The California leader released a statement early Monday morning obtained by the L.A. Times containing parts of his first State of the State address he’s set to give Tuesday night. In Newsom’s communique the Democratic governor says Trump’s “Border ‘emergency’ is a manufactured crisis.” The governor’s administration, in office for just a few weeks, said the removal of troops is “our answer to the White House: No more division, xenophobia or nativism.”
Newsom is expected to formally announce during his first state address that he will “refocus (the troops) on the real threats facing our state,” such as wildfire prevention and drug trafficking.
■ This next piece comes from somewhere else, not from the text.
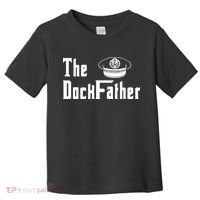 The Dock Father Captain Of The Boat Dad Funny Fathers Day Toddler T-Shirt thumb 0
The previous Democratic Governor Jerry Brown gave the go-ahead to deploy some 400 National Guard members at the California border last April as thousands of Central American migrants and asylum seekers were trying to gain entry into the U.S. in order to escape prolonged poverty rates of 70 percent and annual homicide rates between 27 and 56 percent.
These announcements by border state leaders comes as Trump is sending in around 3,700 active duty troops to the border to support Border Patrol agents.
The president will hold a Monday night rally in El Paso, Texas to promote his 3,100km border wall proposal he has been touting —paid for either by Mexico or U.S. citizens — since his campaign. The likely 2020 presidential candidate Beto O’Rourke is planning his own counter protest with local leaders against Trump and the fortified wall also in El Paso, according to the Houston Chronicle.
Around 2,400 Central Americans in the latest ‘migrant caravan’ wave left Mexico City in late January and an estimated 1,800 of them arrived recently at the border with Texas. State leaders there have order the deployment of another 250 National Guard troops to Eagle Pass to cut off the asylum seekers.
Patricia Gandara, co-director of the Civil Rights Project at UCLA, agreed with Newsom’s decision. “I think we grew up and we realized that immigrants were not a threat,” Gandara told the L.A. Times. “We’re the fifth-largest economy in the world. And we have the largest percentage of immigrants in our state. How do you reconcile that if you think immigrants are taking our jobs and bringing down the economy?” she asked.